Search code examples
rubyfrequency

Counting frequency of symbols


So I have the following code which counts the frequency of each letter in a string (or in this specific instance from a file):

def letter_frequency(file)
  letters = 'a' .. 'z'
  File.read(file) .
  split(//) .
  group_by {|letter| letter.downcase} .
  select   {|key, val| letters.include? key} .
  collect  {|key, val| [key, val.length]}
end

letter_frequency(ARGV[0]).sort_by {|key, val| -val}.each {|pair| p pair}

Which works great, but I would like to see if there is someway to do something in ruby that is similar to this but to catch all the different possible symbols? ie spaces, commas, periods, and everything in between. I guess to put it more simply, is there something similar to 'a' .. 'z' that holds all the symbols? Hope that makes sense.


Solution

  • You won't need a range when you're trying to count every possible character, because every possible character is a domain. You should only create a range when you specifically need to use a subset of said domain.
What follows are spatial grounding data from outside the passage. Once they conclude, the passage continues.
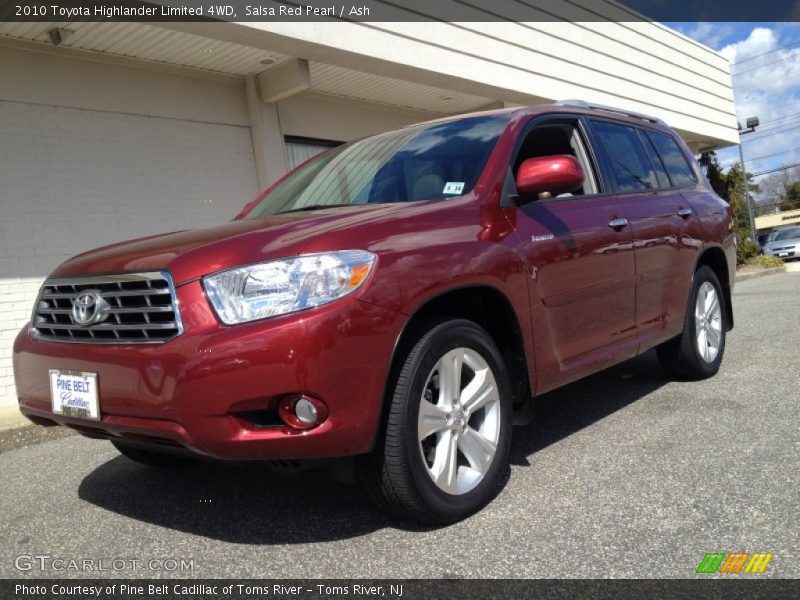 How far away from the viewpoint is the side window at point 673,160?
16.9 feet

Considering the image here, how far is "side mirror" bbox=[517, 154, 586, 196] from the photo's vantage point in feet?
11.1

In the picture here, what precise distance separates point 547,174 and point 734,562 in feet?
5.82

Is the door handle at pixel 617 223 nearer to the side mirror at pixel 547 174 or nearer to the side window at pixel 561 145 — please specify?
the side window at pixel 561 145

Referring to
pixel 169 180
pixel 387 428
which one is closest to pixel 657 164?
pixel 387 428

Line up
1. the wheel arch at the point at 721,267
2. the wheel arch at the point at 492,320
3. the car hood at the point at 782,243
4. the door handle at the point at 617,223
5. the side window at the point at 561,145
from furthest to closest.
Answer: the car hood at the point at 782,243
the wheel arch at the point at 721,267
the door handle at the point at 617,223
the side window at the point at 561,145
the wheel arch at the point at 492,320

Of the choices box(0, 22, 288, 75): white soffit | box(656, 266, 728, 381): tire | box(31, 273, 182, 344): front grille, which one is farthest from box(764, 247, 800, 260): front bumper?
box(31, 273, 182, 344): front grille

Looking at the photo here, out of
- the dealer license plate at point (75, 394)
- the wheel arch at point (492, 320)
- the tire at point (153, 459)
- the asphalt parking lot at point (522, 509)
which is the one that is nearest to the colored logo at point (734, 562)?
the asphalt parking lot at point (522, 509)

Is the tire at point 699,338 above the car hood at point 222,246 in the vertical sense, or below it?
below

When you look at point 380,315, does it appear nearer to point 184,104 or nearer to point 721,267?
point 721,267

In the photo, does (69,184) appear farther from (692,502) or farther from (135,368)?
(692,502)

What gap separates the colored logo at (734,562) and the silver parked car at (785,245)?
26944mm

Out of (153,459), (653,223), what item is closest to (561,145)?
(653,223)

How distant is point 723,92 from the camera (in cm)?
1900

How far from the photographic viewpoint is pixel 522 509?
307 cm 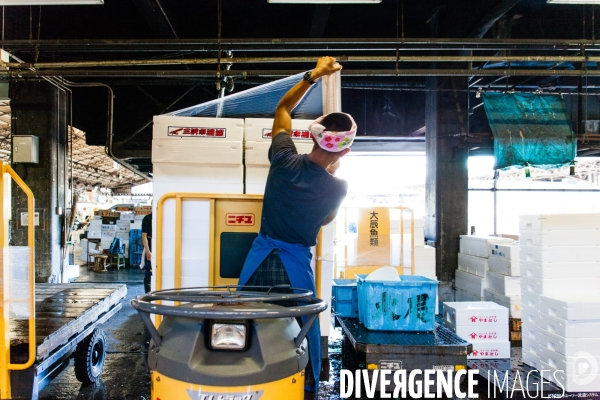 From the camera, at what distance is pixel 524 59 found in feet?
19.2

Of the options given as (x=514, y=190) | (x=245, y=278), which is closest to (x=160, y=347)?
(x=245, y=278)

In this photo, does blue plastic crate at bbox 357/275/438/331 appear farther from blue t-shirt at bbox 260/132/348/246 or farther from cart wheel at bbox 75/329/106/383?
cart wheel at bbox 75/329/106/383

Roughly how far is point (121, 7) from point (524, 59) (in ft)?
24.3

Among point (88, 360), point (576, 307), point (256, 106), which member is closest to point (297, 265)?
point (256, 106)

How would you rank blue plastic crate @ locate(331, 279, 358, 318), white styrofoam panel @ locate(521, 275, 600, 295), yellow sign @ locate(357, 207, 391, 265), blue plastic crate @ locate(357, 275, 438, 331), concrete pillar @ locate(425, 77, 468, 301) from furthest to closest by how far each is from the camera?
concrete pillar @ locate(425, 77, 468, 301) → yellow sign @ locate(357, 207, 391, 265) → blue plastic crate @ locate(331, 279, 358, 318) → white styrofoam panel @ locate(521, 275, 600, 295) → blue plastic crate @ locate(357, 275, 438, 331)

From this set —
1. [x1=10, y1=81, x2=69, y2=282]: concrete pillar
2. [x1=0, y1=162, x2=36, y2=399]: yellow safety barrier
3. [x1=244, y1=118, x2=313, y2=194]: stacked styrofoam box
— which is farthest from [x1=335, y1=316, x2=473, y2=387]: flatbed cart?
[x1=10, y1=81, x2=69, y2=282]: concrete pillar

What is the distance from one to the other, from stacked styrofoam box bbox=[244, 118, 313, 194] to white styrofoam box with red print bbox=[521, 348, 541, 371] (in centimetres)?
369

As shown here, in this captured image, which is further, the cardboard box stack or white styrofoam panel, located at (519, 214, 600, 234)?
white styrofoam panel, located at (519, 214, 600, 234)

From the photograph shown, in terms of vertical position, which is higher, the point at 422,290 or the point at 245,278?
the point at 245,278

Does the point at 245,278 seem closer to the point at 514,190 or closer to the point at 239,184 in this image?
the point at 239,184

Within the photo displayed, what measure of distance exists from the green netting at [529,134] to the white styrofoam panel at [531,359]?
366 centimetres

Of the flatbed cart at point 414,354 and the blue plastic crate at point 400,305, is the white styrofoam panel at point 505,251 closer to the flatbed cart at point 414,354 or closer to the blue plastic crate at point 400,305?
the blue plastic crate at point 400,305

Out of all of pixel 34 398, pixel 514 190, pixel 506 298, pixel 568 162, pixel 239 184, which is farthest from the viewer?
pixel 514 190

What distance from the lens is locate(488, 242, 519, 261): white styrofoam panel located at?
5648mm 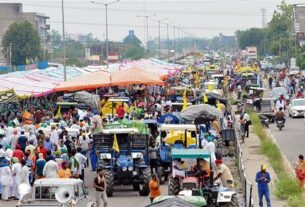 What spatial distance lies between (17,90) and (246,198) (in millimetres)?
21629

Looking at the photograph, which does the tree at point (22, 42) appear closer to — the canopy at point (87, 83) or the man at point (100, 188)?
the canopy at point (87, 83)

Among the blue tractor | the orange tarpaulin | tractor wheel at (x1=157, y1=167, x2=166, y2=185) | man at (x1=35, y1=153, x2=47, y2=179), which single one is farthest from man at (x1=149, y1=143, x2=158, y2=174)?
the orange tarpaulin

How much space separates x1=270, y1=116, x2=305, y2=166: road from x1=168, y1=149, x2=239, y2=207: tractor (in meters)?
11.4

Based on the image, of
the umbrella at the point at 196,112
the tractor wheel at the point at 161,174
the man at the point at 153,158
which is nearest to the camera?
the man at the point at 153,158

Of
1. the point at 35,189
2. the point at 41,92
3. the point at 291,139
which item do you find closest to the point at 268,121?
the point at 291,139

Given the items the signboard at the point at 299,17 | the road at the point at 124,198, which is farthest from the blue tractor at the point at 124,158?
the signboard at the point at 299,17

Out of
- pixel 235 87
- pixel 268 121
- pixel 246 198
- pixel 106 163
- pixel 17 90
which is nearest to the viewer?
pixel 246 198

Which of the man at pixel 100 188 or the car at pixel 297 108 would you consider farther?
the car at pixel 297 108

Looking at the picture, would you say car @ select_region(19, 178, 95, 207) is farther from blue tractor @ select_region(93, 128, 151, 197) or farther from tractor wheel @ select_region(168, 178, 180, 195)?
blue tractor @ select_region(93, 128, 151, 197)

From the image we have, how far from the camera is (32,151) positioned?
27656 mm

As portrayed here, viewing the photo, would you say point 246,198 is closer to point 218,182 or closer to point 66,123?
point 218,182

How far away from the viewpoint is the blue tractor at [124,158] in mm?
25906

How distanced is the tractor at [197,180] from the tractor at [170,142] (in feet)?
13.0

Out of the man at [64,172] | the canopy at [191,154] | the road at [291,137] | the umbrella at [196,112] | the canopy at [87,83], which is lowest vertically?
the road at [291,137] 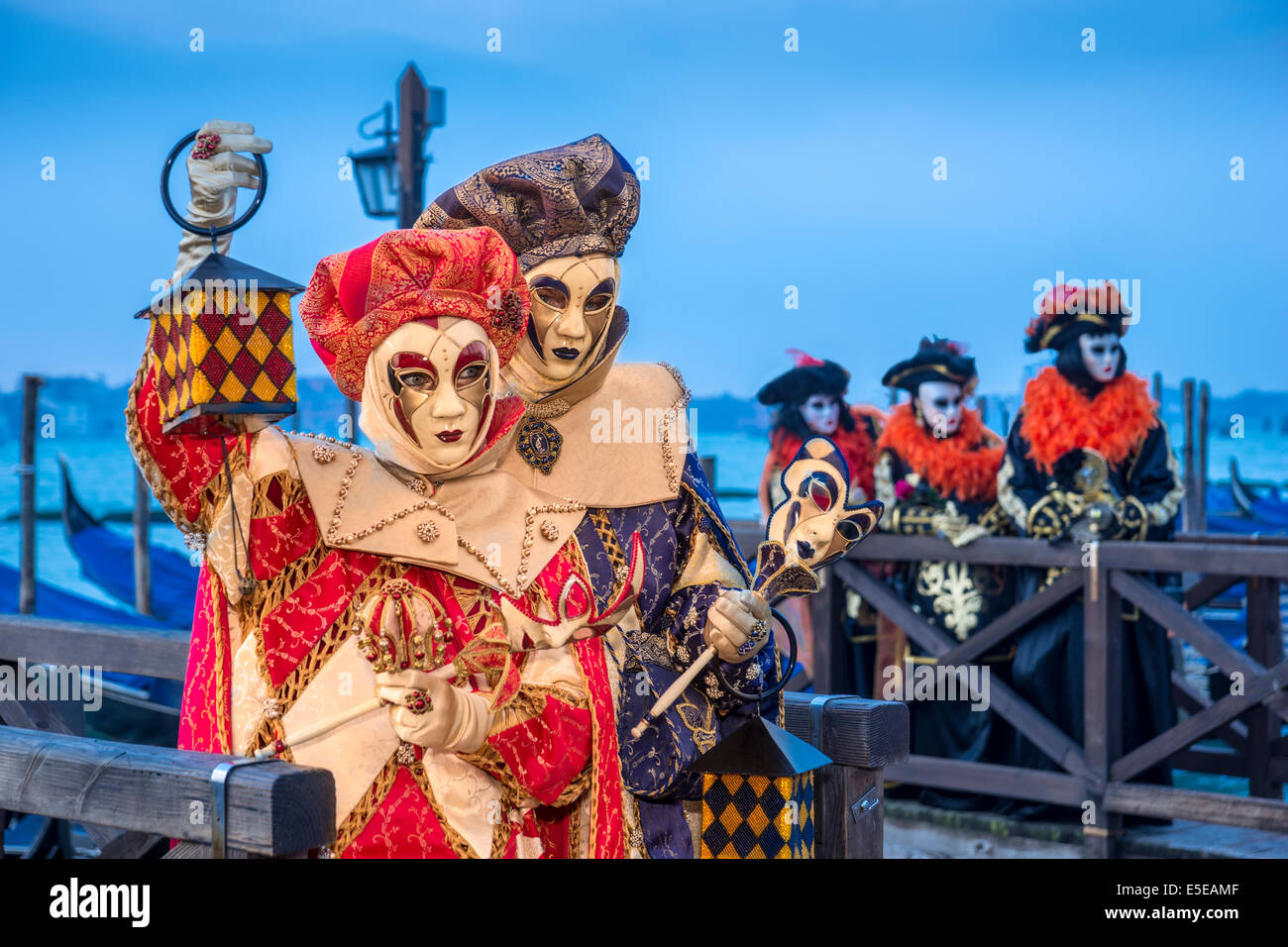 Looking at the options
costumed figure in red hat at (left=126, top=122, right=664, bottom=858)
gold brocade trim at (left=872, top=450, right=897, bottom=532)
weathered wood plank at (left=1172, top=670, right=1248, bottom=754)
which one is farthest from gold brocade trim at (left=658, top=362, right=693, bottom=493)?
weathered wood plank at (left=1172, top=670, right=1248, bottom=754)

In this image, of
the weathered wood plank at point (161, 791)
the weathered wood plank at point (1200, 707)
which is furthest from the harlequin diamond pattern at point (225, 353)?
the weathered wood plank at point (1200, 707)

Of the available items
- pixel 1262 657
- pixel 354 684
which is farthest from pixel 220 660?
pixel 1262 657

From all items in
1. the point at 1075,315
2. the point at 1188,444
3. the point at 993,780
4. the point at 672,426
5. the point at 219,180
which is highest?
the point at 1075,315

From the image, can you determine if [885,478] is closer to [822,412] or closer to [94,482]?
[822,412]

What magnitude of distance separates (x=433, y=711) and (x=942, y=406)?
432 centimetres

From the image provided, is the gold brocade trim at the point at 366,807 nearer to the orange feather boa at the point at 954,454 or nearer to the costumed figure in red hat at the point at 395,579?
the costumed figure in red hat at the point at 395,579

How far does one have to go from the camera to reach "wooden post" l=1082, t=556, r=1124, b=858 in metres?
5.07

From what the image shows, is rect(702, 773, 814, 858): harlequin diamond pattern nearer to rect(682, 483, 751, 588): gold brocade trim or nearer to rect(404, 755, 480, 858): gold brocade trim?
rect(682, 483, 751, 588): gold brocade trim

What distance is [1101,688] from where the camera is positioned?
5078 mm

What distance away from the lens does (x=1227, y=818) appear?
474 cm

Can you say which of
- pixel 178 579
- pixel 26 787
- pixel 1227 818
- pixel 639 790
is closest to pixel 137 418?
pixel 26 787

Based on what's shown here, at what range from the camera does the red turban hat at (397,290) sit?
2184 millimetres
    This is probably a faster implementation that counts all characters in the file:

    def char_frequency(file_name)
      ret_val = Hash.new(0)
      File.open(file_name) {|file| file.each_char {|char| ret_val[char] += 1 } }
      ret_val
    end
    
    p char_frequency("1003v-mm")  #=>  {"\r"=>56, "\n"=>56, " "=>2516, "\xC9"=>2, ...
    

    For reference I used this test file.